%%
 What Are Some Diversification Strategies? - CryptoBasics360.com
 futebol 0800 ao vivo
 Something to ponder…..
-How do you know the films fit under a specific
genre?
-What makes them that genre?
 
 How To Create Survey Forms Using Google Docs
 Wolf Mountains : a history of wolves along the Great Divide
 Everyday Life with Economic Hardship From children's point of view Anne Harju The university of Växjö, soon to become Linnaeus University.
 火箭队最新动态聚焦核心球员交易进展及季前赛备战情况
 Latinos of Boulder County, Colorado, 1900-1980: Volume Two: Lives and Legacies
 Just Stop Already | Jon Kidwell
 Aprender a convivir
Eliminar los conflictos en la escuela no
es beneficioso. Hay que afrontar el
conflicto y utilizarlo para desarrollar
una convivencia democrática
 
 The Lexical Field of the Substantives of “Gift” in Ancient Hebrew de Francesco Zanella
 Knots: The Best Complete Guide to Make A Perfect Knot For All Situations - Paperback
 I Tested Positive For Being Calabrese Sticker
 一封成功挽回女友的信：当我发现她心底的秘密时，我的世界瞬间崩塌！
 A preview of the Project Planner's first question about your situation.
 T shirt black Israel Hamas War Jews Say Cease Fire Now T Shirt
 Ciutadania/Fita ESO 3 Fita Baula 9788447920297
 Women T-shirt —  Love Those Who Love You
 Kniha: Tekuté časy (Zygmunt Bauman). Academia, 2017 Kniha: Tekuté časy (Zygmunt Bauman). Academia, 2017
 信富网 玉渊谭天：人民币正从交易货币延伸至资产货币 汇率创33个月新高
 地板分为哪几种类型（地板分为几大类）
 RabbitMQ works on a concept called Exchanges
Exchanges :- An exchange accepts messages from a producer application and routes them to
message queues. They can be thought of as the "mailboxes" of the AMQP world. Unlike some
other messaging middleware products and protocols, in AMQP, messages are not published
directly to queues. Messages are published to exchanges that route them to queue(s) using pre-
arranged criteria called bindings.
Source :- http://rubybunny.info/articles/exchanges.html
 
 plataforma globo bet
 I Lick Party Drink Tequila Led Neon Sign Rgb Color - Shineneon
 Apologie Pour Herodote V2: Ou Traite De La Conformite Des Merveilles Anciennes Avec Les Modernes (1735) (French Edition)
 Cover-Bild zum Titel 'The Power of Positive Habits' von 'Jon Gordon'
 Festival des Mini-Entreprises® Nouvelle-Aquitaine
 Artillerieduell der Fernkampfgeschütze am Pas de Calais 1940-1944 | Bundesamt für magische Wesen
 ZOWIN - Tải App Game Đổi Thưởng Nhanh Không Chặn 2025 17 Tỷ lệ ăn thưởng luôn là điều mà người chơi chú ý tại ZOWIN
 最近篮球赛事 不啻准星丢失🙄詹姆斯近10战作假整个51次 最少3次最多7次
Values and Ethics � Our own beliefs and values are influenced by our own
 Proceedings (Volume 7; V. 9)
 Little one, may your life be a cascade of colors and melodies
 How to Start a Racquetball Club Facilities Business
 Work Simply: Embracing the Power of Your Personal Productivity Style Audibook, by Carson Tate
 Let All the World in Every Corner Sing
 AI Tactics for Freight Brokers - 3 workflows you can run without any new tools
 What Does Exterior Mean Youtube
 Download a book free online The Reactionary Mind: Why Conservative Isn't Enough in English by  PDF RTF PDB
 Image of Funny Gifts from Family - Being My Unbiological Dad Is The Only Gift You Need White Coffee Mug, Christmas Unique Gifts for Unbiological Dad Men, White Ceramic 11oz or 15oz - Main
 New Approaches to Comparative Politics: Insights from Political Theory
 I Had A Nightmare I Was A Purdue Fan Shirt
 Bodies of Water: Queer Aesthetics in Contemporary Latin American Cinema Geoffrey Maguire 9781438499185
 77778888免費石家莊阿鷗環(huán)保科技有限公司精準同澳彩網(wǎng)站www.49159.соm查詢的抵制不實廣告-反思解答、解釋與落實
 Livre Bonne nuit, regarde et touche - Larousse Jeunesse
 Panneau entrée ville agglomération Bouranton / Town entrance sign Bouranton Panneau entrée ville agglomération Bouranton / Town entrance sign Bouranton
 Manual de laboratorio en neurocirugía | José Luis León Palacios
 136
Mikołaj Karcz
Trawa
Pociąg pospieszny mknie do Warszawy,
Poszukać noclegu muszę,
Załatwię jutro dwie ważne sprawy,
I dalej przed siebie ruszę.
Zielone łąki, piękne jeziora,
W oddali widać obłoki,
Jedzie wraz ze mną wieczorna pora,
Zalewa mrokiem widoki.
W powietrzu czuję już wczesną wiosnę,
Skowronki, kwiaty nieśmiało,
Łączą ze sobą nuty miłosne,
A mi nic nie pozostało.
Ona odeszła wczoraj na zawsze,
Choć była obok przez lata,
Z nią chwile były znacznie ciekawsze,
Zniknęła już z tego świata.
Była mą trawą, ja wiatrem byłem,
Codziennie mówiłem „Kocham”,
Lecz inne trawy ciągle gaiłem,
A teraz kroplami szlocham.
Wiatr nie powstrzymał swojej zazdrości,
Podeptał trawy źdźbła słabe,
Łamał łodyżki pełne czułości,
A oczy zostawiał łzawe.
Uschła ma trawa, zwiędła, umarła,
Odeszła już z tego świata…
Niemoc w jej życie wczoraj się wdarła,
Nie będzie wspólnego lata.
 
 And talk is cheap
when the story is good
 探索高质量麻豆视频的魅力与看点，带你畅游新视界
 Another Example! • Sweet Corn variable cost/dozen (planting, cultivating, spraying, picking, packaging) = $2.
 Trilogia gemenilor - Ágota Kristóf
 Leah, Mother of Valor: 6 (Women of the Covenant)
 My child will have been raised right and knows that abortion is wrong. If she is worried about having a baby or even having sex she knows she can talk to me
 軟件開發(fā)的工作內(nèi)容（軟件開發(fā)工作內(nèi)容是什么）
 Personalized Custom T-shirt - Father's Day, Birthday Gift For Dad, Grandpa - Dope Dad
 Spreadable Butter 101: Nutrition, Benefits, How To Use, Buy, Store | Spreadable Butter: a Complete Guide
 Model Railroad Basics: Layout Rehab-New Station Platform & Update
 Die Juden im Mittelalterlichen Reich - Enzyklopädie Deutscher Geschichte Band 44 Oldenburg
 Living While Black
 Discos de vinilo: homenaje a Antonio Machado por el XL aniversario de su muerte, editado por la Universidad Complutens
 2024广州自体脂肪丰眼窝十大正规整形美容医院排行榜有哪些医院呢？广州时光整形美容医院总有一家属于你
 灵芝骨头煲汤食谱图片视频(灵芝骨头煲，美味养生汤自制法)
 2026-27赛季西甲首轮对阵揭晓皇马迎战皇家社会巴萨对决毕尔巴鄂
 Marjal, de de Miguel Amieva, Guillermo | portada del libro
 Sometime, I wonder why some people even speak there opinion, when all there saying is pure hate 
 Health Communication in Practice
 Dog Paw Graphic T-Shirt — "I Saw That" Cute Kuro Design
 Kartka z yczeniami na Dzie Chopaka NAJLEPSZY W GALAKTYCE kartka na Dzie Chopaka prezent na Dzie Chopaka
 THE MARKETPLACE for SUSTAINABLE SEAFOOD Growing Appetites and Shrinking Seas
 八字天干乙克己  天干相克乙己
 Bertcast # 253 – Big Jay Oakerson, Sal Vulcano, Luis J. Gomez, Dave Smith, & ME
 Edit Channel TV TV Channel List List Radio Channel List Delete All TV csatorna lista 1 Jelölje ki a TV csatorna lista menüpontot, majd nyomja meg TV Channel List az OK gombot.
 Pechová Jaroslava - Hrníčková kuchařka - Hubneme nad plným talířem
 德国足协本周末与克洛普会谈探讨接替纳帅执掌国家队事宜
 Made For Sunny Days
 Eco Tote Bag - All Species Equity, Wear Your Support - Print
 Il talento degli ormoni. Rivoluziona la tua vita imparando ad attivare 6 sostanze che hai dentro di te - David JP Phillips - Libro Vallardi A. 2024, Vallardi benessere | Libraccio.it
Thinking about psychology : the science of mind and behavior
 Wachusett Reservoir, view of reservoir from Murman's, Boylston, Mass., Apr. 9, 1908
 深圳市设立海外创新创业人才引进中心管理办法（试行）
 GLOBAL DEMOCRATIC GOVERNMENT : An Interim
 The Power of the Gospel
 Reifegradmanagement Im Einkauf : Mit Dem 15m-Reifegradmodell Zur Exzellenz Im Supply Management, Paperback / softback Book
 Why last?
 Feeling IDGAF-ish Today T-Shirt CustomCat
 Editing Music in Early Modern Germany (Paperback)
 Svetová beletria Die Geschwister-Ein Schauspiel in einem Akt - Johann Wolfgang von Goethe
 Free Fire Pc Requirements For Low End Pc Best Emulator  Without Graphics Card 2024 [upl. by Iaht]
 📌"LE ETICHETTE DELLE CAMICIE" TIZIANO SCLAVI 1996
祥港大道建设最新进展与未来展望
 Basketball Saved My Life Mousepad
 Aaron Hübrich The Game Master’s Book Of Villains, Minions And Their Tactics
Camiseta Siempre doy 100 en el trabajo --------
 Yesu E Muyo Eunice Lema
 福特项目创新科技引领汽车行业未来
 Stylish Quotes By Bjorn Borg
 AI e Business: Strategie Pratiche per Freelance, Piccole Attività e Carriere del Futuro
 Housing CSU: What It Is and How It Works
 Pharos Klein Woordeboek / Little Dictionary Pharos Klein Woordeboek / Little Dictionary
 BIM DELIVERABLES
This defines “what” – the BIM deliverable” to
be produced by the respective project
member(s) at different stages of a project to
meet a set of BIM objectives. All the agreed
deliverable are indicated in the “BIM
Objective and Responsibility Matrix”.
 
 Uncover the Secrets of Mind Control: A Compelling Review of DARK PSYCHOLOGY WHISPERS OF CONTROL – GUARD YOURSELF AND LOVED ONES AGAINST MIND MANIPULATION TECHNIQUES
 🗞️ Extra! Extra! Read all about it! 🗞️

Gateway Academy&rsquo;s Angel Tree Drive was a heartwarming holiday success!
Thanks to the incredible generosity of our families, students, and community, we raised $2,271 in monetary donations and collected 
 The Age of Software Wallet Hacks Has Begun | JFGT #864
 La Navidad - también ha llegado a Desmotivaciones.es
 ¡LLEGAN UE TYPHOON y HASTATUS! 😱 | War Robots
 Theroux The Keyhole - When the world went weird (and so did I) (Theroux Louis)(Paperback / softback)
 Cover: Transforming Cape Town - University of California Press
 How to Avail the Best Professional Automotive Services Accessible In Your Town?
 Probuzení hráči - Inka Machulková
%%
# WHAT IS EXPECTED
The output must consist solely of the lines from the first line of the records through the line containing "Wolf Mountains : a", reproduced exactly.

# RESULT FOR THIS EXERCISE
 What Are Some Diversification Strategies? - CryptoBasics360.com
 futebol 0800 ao vivo
 Something to ponder…..
-How do you know the films fit under a specific
genre?
-What makes them that genre?
 
 How To Create Survey Forms Using Google Docs
 Wolf Mountains : a history of wolves along the Great Divide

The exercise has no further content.